My blog

Building an image archive (part 1)

If like me you are a passionate collector of old photographs weather taken by yourself or others sooner or later the one obvious question will hit you..... STORAGE.
I have been taking pictures since my early teens (I'm in my fifties now) and have built up quite a collection of slide, film and digital images plus those inherited through the family. Recently I inherited a substantial collection of film and slide images from my late uncle that go back to the 1920's. I set up an archive for my digital images a while ago but find myself with an ever growing storage problem for the film and slide collection. I thought it might make a good blog post (or two!) about how I have approached the problem and how it is still a work in progress.

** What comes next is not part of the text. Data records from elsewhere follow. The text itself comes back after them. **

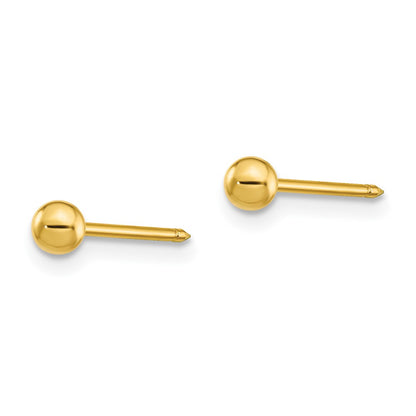 Stainless Steel Inverness 24K Gold-Plated 3mm Ball Post Earrings
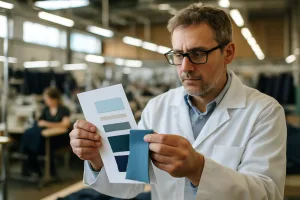 A quality control expert inspects a fabric swatch and its lab dip under good lighting conditions.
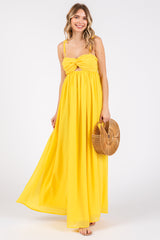 Yellow Chiffon Sleeveless Cutout Front Maternity Maxi Dress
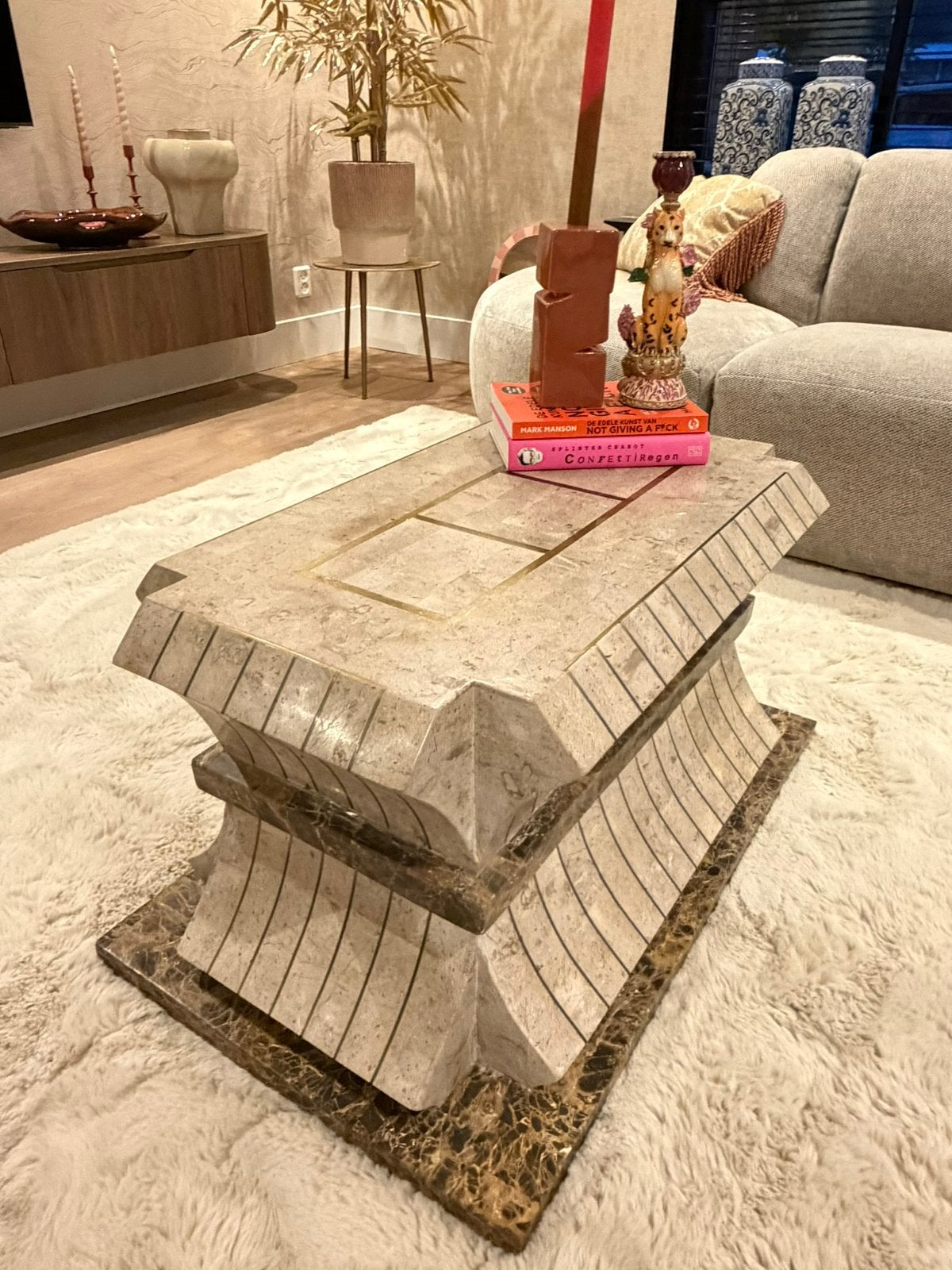 Vintage Maitland-Smith sokkel salontafel pedestal regency, Ophalen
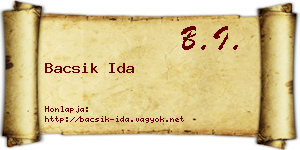 Bacsik Ida névjegykártya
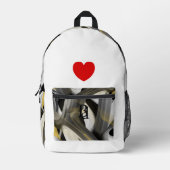 Backpack Trend Abstrakt Art Schwarz-weiß Gold Bedruckter Rucksack (Vorderseite)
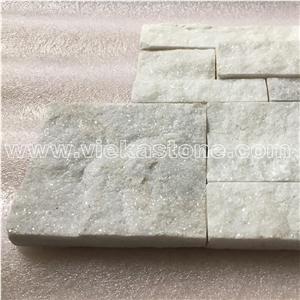 China Snow White Quartzite Stacked Stone Wall Cladding Panel Ledge Stone Split Face Tile Landscaping Interior & Exterior Culture Stone 35x18cm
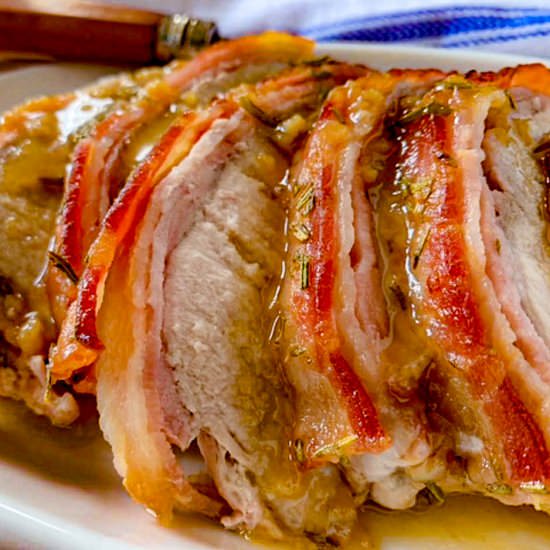 Smoked Bacon Wrapped Pork Loin - Recipe photo by NotEntirelyAverage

For digital images of our more modern times electronic storage is obvious, or is it? Storing all those prized images on a simple external hard drive sounds ok but as an IT expert friend of mine once said, " there are two types of drive, those that have failed and those that haven't failed yet." With this in mind it soon becomes clear that the handy external drive is just that and not a secure archive. This gives us the option of something more serious in the home/office or resorting to a cloud based resource.
Many people have their own opinions on cloud storage and who is the best provider, I use icloud but only as a means of moving images from device to device and not really as storage. I would not wish to comment as to who provides the best option as I am no expert but cloud solutions are very popular.
For those who do not wish to use the cloud option there is the option of a home/office based storage solution which could be referred to as a server. This is not a cheep option BUT it does mean all those prized images are under your control and not somebody else's. There are many options and sizes to pick from and many different manufacturers as well. Shop wisely, pick a good brand and remember that your purchase is an investment for now AND the future so get the biggest you can afford. Storage can be configured in many ways from making your device into one massive hard drive without backup (not recommended!) to configuring using the RAID system which should be available through the software in your device. Most people (me included) go for RAID1, this configures so that your information is backed up on at least one other disc. In simple terms multiple disc failure would have to happen for your information to be lost. I use a ten disc array, not cheap as I said but what price those memories?
In part 2 I will look at archiving hard copies of images, IE prints, slides and negatives.